5. Multimodal fusion
- move
- Input video and audio, run:
python inference.py --modal video_audio ---model_path . /HumanOmni_7B --video_path sample.mp4 --instruct "Describe this video."
- The model will give a full description in conjunction with the picture and sound.
- dominance
- Ability to capture the correlation between emotions and actions for a more comprehensive analysis.
6. Training on customized data sets
- move
- Prepare a data file in JSON format containing the video path and command dialog. For example:
[
{
"video": "path/to/video.mp4",
"conversations": [
{"from": "human", "value": "What's the emotion?"}, {"from": "gpt", "value": "gpt" }
{"from": "gpt", "value": "sad"}
]
}
]
- downloading
HumanOmni-7B-Video
cap (a poem)HumanOmni-7B-Audio
Weights. - Run the training script:
bash scripts/train/finetune_humanomni.sh
- use
- It is possible to optimize the model with your own video data.

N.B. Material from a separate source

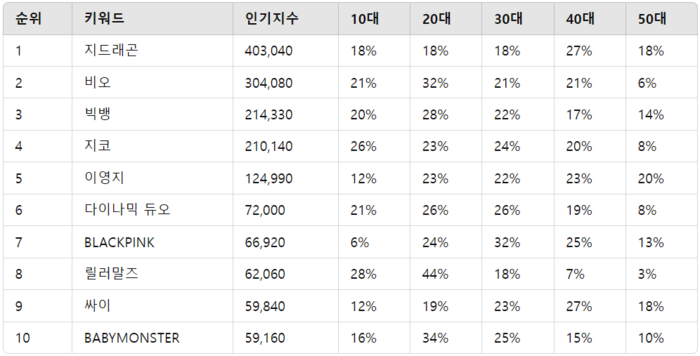 ▲랩/힙합 가수 랭킹 분석 결과 ⓒ디시트렌드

Frequently Asked Questions
- Runtime Error: Check that the Python and PyTorch versions match.
- Model Load Failure: Confirm that the path is correct and that there is enough disk space (about 10GB for the model).
- The results are not accurate.: Switch to clear video or adjust instruction presentation.
With these steps, users can easily install and use HumanOmni and experience its powerful features.
application scenario
- Educational research
Analyze classroom videos to identify student mood and engagement and help teachers adjust their teaching style. - medical assisting
The patient's expression and tone of voice aids the physician in determining psychological states, such as anxiety or depression. - film and television production
Analyze character emotions and actions to generate subtitles or plot descriptions to enhance creative efficiency. - social analytics
Used for conference video to understand participants' emotions and behaviors and optimize communication.
QA
- What file formats are supported?
Supports MP4 format, audio needs to be embedded in the video. - Do I need to network?
Not required. Download the code and model for offline use. - How does the model perform?
In terms of emotional comprehension, HumanOmni's DFEW data UAR amounted to 74.861 TP3T, far exceeding the 50.571 TP3T of GPT4-O. The average score for action comprehension was 72.6, which was higher than the 67.7 of Qwen2-VL-7B. - Can ordinary people use it?
Basic programming skills are required. If you don't know how to code, it is recommended to ask a technician for help.